::: RECORDS FOR THIS TASK :::
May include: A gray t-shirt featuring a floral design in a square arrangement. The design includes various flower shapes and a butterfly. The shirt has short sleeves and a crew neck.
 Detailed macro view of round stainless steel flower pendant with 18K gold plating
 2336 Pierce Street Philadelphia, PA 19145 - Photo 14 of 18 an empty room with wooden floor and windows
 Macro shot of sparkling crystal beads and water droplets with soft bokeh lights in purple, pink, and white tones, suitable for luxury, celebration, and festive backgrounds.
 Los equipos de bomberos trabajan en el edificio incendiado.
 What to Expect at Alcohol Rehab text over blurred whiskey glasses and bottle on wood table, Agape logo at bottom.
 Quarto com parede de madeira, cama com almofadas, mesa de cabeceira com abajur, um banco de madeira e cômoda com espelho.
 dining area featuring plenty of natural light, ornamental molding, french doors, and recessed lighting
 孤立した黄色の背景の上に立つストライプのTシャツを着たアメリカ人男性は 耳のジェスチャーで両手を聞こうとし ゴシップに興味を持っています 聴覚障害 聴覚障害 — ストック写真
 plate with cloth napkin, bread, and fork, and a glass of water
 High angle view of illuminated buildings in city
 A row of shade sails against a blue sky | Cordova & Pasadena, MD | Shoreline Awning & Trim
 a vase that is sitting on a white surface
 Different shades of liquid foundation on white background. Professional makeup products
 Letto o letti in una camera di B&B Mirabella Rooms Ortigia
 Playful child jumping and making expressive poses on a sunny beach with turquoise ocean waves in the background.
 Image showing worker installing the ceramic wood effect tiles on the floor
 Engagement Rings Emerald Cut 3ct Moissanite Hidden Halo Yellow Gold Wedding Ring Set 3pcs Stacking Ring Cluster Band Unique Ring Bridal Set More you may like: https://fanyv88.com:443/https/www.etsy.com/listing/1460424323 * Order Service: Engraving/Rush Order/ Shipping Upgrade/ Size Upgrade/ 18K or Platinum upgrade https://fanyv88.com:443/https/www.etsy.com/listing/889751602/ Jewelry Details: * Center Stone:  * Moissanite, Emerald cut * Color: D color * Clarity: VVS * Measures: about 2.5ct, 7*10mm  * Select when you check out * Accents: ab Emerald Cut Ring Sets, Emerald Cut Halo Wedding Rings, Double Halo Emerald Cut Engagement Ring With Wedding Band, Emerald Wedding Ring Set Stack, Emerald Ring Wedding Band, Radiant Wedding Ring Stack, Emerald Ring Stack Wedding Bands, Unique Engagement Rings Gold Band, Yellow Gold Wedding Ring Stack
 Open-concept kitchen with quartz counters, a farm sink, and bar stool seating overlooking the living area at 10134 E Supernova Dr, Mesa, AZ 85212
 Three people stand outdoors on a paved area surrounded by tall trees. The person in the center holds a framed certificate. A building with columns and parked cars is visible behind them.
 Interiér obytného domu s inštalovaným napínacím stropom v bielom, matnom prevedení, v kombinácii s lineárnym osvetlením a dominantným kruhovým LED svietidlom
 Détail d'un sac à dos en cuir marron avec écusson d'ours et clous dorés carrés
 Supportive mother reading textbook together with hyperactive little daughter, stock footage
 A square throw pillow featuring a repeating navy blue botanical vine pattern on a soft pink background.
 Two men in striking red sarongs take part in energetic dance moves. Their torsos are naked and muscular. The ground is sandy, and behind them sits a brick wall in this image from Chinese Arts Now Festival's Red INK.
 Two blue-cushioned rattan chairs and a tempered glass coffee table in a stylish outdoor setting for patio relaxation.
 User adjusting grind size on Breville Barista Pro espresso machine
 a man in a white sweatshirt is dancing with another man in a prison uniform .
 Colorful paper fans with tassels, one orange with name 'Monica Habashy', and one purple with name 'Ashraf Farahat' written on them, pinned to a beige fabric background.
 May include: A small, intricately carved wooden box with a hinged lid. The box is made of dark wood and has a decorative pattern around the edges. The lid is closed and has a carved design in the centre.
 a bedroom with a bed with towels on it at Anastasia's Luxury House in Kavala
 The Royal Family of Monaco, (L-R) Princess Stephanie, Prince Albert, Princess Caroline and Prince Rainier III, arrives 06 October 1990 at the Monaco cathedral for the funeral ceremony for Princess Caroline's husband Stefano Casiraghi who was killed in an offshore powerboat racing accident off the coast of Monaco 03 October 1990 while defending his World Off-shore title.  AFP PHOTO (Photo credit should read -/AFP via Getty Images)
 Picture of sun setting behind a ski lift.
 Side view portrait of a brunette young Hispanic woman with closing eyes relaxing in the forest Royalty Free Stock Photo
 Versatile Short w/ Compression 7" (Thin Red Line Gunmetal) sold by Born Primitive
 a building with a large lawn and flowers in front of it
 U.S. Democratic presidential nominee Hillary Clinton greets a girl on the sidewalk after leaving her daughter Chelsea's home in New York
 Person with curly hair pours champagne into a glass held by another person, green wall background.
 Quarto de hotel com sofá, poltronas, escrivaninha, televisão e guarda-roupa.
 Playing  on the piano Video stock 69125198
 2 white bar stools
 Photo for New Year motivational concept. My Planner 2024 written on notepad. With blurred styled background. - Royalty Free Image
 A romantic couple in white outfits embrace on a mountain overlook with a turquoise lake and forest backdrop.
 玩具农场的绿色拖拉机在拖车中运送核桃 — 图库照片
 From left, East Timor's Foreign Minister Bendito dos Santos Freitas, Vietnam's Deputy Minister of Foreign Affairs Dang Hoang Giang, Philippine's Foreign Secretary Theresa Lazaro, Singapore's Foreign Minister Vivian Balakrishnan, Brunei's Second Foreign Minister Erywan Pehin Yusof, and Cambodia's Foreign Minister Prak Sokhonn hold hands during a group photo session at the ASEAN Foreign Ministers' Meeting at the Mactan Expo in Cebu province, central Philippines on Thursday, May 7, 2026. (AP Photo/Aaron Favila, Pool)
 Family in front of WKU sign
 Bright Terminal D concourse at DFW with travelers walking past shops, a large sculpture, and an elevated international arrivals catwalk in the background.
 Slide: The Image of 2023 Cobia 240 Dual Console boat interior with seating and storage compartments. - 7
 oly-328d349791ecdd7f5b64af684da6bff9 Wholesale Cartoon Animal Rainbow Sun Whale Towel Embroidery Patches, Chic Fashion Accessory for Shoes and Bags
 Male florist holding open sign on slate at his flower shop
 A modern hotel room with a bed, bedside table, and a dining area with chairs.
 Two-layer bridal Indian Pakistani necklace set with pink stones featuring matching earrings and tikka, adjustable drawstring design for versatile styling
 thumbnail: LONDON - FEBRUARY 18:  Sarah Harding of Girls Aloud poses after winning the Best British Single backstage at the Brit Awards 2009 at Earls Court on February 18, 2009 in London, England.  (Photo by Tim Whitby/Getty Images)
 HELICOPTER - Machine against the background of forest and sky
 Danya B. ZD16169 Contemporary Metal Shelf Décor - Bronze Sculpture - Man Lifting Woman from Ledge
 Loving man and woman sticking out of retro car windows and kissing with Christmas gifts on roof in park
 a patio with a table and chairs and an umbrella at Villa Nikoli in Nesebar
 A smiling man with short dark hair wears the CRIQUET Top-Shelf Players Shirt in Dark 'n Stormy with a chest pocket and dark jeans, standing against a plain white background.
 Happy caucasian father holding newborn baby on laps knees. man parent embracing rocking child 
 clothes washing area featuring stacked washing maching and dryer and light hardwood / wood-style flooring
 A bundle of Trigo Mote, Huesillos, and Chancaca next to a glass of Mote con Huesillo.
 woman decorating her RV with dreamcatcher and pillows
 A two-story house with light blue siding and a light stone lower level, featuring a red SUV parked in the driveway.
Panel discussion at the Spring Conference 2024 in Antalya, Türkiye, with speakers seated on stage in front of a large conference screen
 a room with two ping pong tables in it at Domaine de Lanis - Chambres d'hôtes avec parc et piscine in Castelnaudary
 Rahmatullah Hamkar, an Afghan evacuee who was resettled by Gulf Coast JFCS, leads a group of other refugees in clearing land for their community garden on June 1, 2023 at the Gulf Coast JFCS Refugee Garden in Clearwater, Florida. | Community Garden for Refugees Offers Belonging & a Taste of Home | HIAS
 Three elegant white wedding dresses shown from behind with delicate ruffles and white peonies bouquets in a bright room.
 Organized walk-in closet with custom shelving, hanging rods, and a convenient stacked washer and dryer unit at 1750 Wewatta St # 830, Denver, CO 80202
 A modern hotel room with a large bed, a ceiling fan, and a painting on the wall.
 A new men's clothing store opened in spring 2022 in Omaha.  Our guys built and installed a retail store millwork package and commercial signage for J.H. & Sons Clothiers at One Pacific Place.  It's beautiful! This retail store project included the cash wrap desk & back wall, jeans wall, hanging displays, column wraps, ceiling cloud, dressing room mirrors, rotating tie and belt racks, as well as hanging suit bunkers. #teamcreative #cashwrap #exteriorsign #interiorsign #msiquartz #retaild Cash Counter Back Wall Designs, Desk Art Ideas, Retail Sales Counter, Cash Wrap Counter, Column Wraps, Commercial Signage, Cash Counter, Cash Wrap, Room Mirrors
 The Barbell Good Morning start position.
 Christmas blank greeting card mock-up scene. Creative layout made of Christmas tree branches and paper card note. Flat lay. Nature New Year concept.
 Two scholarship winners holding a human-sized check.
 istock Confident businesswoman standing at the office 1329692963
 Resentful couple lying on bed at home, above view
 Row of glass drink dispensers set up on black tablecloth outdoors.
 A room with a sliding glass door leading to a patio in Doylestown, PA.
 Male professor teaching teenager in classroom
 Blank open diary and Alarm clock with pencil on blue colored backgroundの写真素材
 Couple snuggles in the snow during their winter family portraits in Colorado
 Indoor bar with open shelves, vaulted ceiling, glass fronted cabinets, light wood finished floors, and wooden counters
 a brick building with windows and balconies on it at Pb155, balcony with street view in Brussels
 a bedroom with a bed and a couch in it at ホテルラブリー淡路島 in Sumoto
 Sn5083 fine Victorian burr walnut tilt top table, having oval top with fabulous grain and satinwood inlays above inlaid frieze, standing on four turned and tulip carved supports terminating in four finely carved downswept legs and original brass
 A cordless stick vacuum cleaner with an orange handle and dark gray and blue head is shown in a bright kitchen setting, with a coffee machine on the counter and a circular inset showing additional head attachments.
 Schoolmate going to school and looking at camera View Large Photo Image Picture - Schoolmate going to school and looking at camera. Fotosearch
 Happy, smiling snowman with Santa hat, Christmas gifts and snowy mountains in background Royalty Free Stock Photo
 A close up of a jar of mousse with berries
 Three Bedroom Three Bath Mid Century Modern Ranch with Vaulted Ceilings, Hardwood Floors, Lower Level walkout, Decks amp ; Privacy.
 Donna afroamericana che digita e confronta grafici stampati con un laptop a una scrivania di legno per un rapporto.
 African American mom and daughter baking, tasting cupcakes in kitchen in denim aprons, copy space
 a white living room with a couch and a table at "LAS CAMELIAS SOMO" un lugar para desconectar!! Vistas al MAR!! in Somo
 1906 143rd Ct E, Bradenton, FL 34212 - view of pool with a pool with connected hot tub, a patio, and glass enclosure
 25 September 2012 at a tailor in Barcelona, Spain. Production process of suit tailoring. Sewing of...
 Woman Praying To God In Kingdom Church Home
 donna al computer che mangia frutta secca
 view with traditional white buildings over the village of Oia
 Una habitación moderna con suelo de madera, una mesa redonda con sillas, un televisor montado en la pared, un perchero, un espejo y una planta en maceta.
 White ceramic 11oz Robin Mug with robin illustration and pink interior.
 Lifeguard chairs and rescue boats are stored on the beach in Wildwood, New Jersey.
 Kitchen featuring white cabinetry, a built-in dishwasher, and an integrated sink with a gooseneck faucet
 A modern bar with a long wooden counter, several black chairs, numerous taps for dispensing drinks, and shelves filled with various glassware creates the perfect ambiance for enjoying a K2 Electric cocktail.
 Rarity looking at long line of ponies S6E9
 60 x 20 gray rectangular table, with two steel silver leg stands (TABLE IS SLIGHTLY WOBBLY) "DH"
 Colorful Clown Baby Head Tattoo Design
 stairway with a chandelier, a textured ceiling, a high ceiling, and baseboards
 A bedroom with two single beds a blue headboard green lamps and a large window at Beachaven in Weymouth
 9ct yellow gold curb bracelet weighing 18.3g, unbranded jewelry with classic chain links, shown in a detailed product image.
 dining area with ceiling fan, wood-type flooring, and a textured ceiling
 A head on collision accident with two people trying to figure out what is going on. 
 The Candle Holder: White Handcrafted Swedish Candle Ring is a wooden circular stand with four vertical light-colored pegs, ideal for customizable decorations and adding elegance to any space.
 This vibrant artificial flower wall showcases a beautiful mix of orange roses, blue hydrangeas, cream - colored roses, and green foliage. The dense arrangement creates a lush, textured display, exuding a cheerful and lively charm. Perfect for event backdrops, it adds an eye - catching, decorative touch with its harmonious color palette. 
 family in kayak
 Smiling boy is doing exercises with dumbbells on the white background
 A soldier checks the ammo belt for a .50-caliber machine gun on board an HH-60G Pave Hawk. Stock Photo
:::
— YOUR TASK —
Copy whichever lines in the listing above contain the word "black".

— RESULT OF THIS TASK —
 Row of glass drink dispensers set up on black tablecloth outdoors.
 A modern bar with a long wooden counter, several black chairs, numerous taps for dispensing drinks, and shelves filled with various glassware creates the perfect ambiance for enjoying a K2 Electric cocktail.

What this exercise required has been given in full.